=== Exercise aim ===
Copy out the lines of the listing from the one containing "this 1270×952 image." onward, through the last, without altering any.

=== Data provided ===
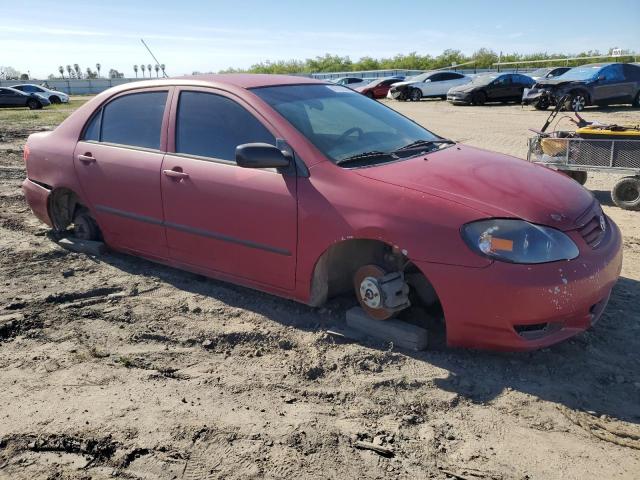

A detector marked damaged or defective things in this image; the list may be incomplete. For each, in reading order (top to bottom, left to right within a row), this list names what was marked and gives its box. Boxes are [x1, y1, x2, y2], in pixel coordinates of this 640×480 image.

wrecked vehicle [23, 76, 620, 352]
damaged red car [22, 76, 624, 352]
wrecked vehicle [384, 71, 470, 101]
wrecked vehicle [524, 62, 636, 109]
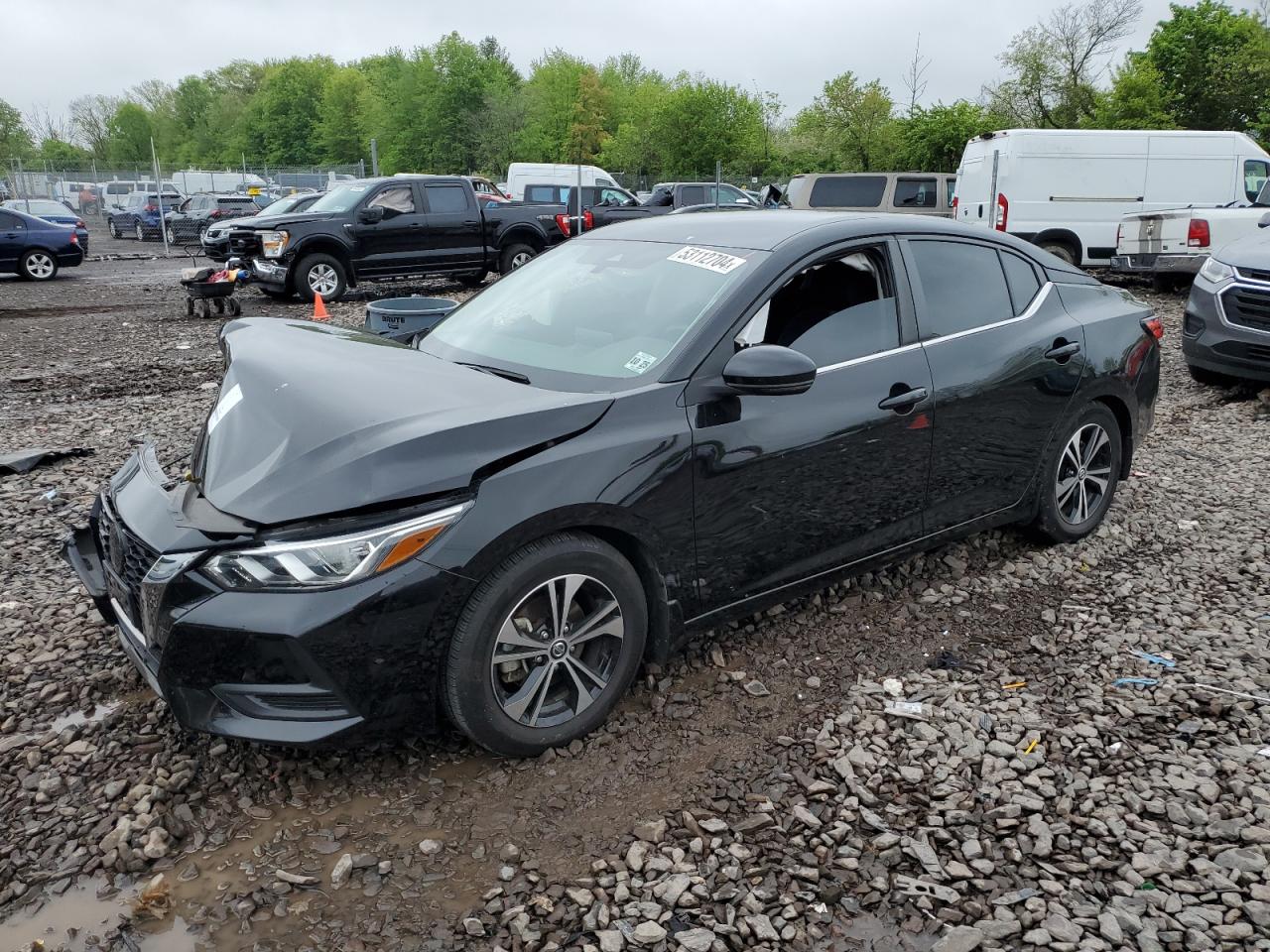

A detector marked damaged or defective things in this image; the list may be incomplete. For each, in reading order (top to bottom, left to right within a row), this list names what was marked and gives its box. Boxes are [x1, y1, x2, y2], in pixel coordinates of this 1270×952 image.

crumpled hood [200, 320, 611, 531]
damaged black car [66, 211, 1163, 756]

=== Result ===
A detector marked damaged or defective things in this image; the list may be incomplete. For each, in reading order (top to bottom, left to right within a row), this list names what was marked and gives its box. Boxes are [x1, y1, x2, y2], in pixel coordinates of this 1270×952 image.

crumpled hood [200, 320, 611, 531]
damaged black car [66, 211, 1163, 756]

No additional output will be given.